As I was surfing the web this week, I found a number of comments out there on a number of sites along the lines of:
I wonder what Christchurch did to anger God to deserve this???
My first reaction in most cases was to shrug it off as a very insensitive remark, particularly since the authors of those comments are often overseas, and making many kinds of assumptions about the morality or immorality of Canterbury residents.
However, on further reflection, the comment does raise a couple of valid questions. Why did God send this earthquake? If we consider the lack of fatalities, why did God not spare the lives of those in Haiti, Samoa etc?
I’m not a theologian nor a philosopher, but here are my own thoughts as a Christian on this matter. In other words, Why do Bad Things happen to Good People?
I think the assumption underlying these kinds of questions is that calamity and disaster are a sign of God’s judgement for sin, while blessing and prosperity are a sign of God’s reward for righteousness. I’m aware of a number of Christian preachers who appear to hold this idea (mostly ones I’ve seen on TV), but I don’t personally agree with it.
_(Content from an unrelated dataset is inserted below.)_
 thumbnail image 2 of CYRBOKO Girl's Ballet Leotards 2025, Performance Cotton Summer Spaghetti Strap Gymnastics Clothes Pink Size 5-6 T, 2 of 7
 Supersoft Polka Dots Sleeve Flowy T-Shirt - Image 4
Reading the book of Job in the Old Testament, this issue has been grappled with by people of faith since the days of the Patriarchs. For those who haven’t read it, here’s a brief summary: Job was a righteous man, yet God allowed major disaster and bereavement to fall upon him. The bulk of the book is a dialogue between Job and his friends trying to convince Job he must have committed some grave sin, and his need to repent. Job protests his innocence, and questions God, appealing to God’s justice. (Read God’s answer to Job here).
The message I read in this book is that we don’t know or understand God’s plans or reasons, but the reality is that sometimes disaster does happen to “good” people, and it is not necessarily punishment for sin.
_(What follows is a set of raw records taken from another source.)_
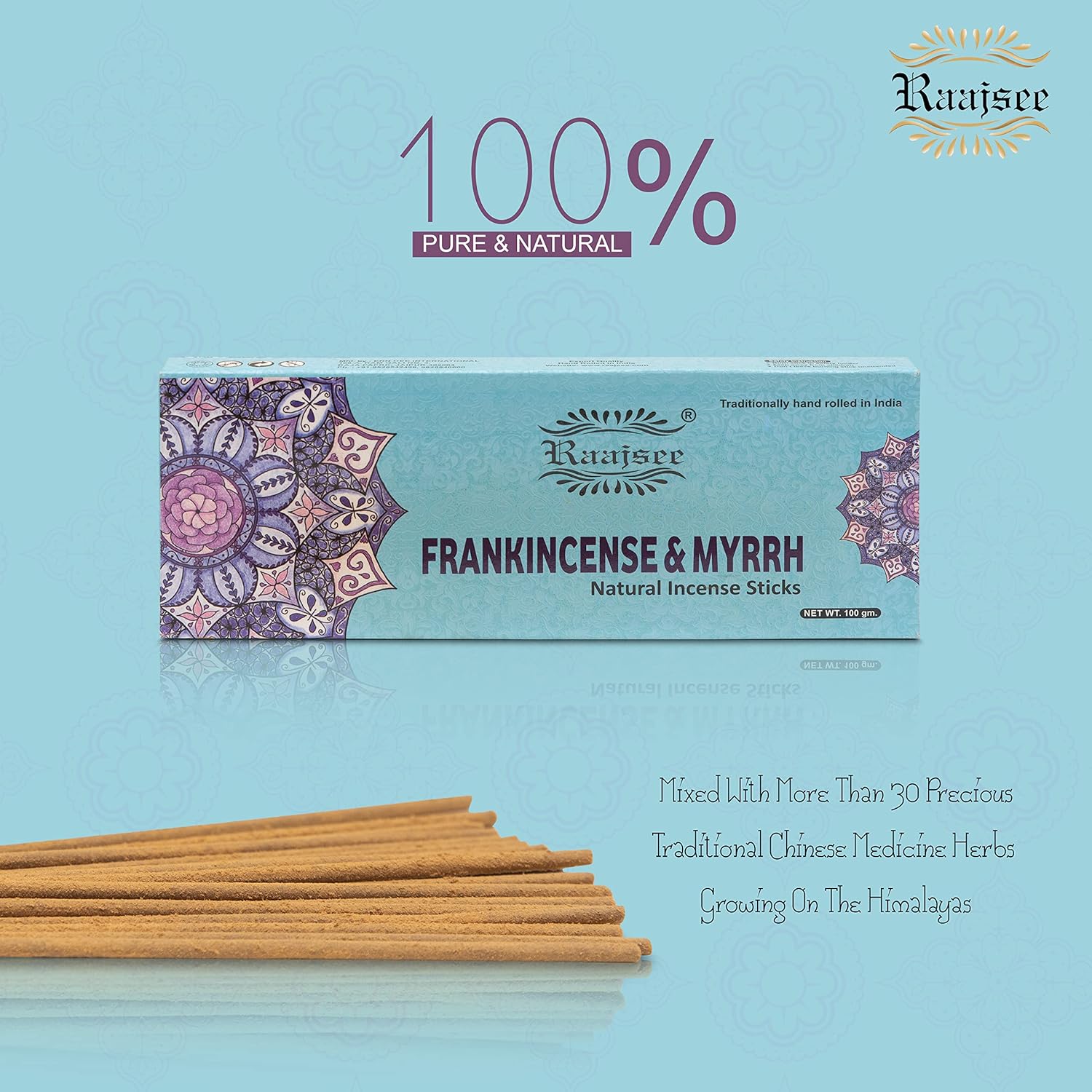 Pure Frankincense & Myrrh Incense Sticks, 100%-Natural Charcoal Free Organic Non Toxic Clean Burning Handmade Insence Sticks 100 gm Pack, Meditation Gifts – Spritual Cleansing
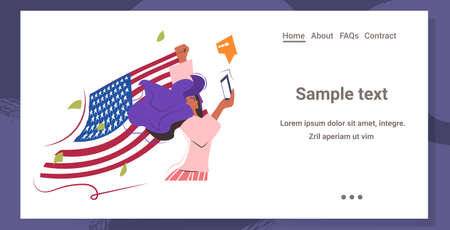woman protester with flag using smartphone campaign against racial discrimination black lives matterのイラスト素材
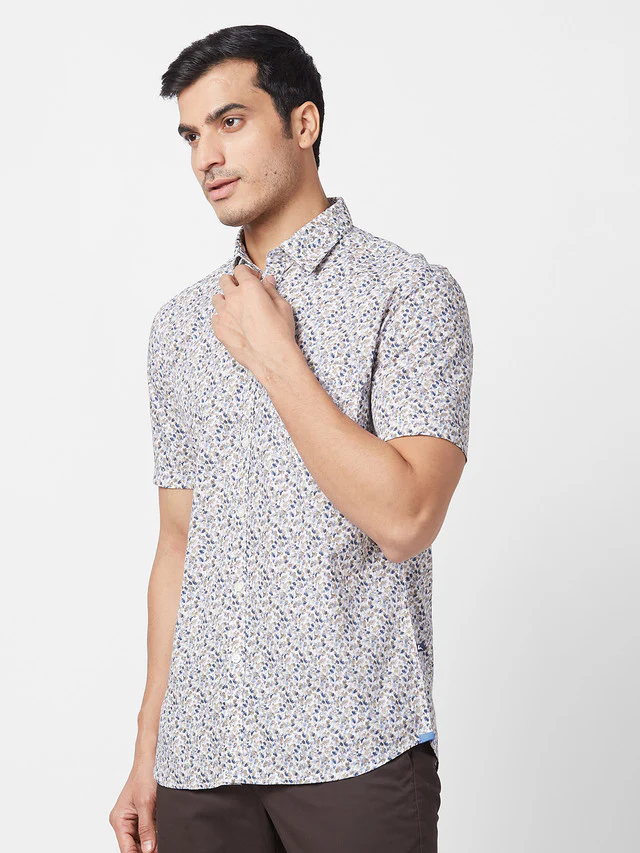 Parx White Printed Slim Fit Cotton Casual Shirt - Image 3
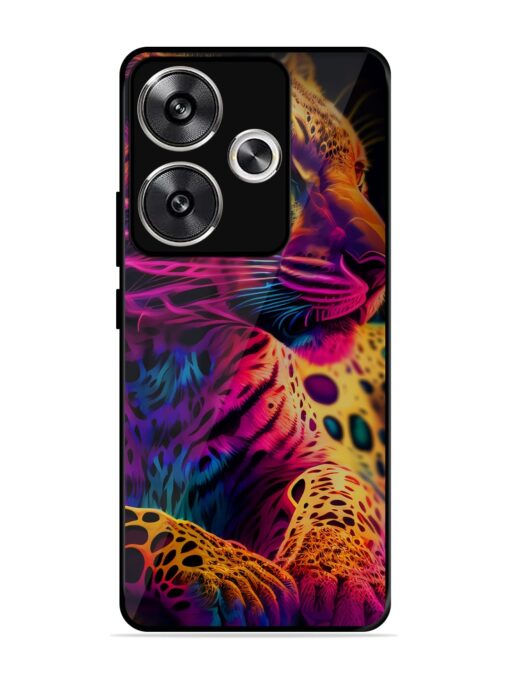 Leopard Art Glossy Metal Phone Cover for Poco F6 (5G)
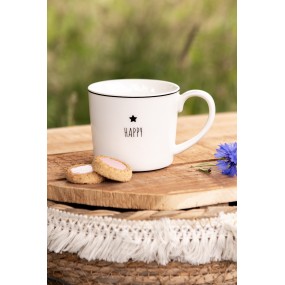 26CEMU0145 Mug 275 ml White Ceramic Star Drinking Cup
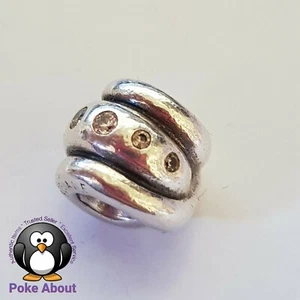 AUTHENTIC PANDORA SILVER LOVE KNOT CZ CHARM #790328CZ - RETIRED - Picture 1 of 9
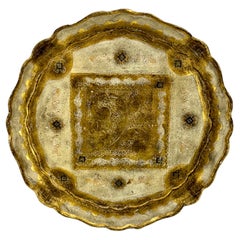 Italian Florentine Gold Gilt Ivory Antique Wood Round Tray 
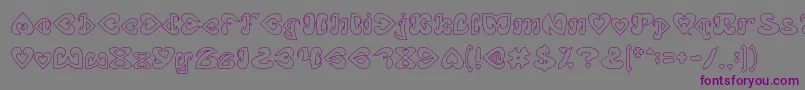 Шрифт EternalLoveHollow – фиолетовые шрифты на сером фоне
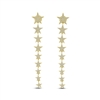 These 14k yellow gold diamond star earrings feature 9 descending stars set with round brilliant diamonds.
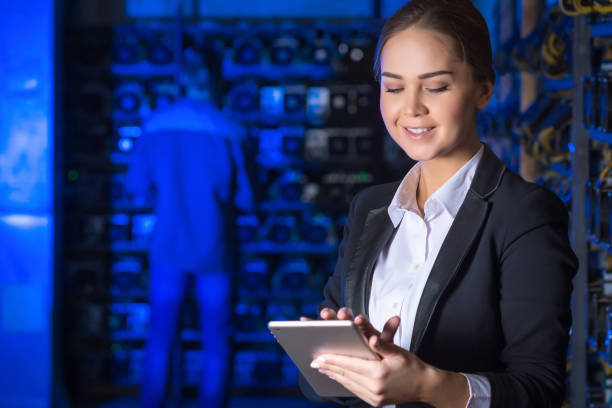 istock Beautiful woman at mining farm 876055674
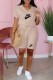Cream White Casual Print Letter V Neck Short Sleeve Two Pieces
Another passage I found helpful in this is Luke 13:1-5. Jesus challenges his listeners that victims of recent disasters were no more sinful than everyone else. Romans 3 tells us that everyone has sinned and fallen short of God’s ideal. What grace we receive is a free gift, neither earned nor deserved.
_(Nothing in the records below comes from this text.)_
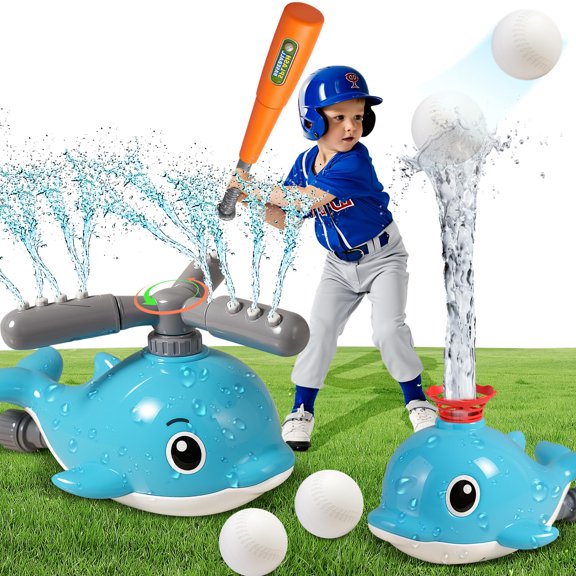 2 in 1 Water Sprinkler Baseball Toy Set for Kids Whale Shaped Outdoor T-Ball Game & Spinning Splash Toy, Summer Backyard Water Play for Toddlers and Children Ages 3+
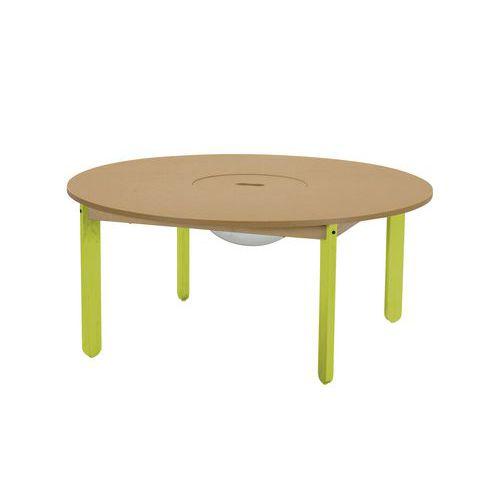 Illustration de : Table Lili ronde, plateau hêtre avec bac, piétement bois couleur
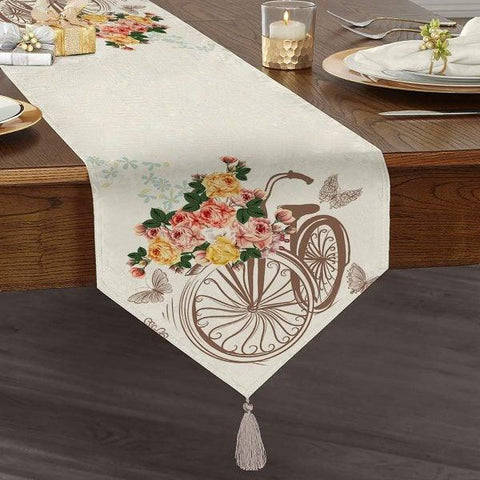 Bike and Flower Table Runner|High Quality Triangle Chenille Table Runner|Decorative Table Runner|Summer Trend Kitchen Decor|Tasseled Runner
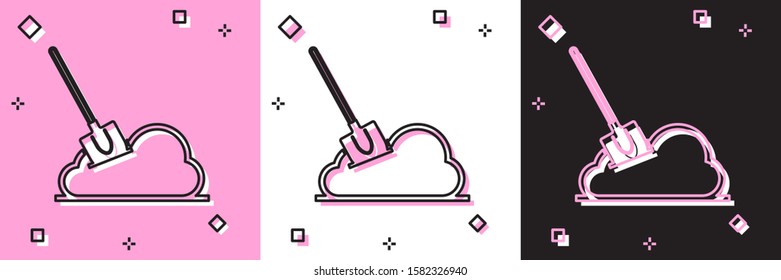 Set Shovel in the ground icon isolated on pink and white, black background. Gardening tool. Tool for horticulture, agriculture, farming.  Vector Illustration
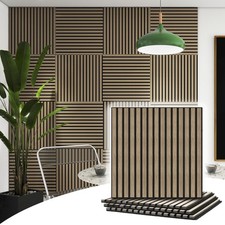 4 Pcs Acoustic Slat Wall Panels,Sound Absorbing Panel,23.6x23.6in Walnut  Sou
We live in an imperfect world, a creation that groans awaiting redemption. Tectonic plates are unstable, and produce earthquakes and volcanoes. The atmosphere is unstable, and can produce hurricanes and other extreme weather. The humans that are on the receiving end of these things are no more or less sinful than the rest of humanity.
I do believe in miracles. Many of the close escapes last weekend have been described as miraculous. I don’t know if there was divine intervention in those cases, but if so then it does not mean that those receiving the miracle are any more righteous than anyone else. Miracles are gifts of God’s grace.
The God I believe in isn’t an old man with a white beard sitting above the clouds, handing out rewards and punishment.
The God I believe in never promised that Bad Stuff wouldn’t happen, or that I would always have blessing and prosperity if I follow his rules and regulations.
The God I do believe in does promise to always walk through the hard times with us. He promises to provide comfort and strength. He helps us find courage and compassion in times of disaster.
The God I do believe in challenges me about how I respond to hard times. Do I spend time whinging and complaining, or by showing thankfulness, and practical love for those around me? I don’t think a Christian response to disaster is to pronounce judgement, but rather to share the grace and love of God to those who are suffering.
John Key said this week “At the worst of times you see the very best of New Zealand”. I like to think this would also be true of Christians.
How do you respond to suffering around you? Are you tempted to think that in some way they’ve deserved it, or brought it upon themselves? Or do you recognise the blessings we’ve received are so we can bless others, and demonstrate love and compassion?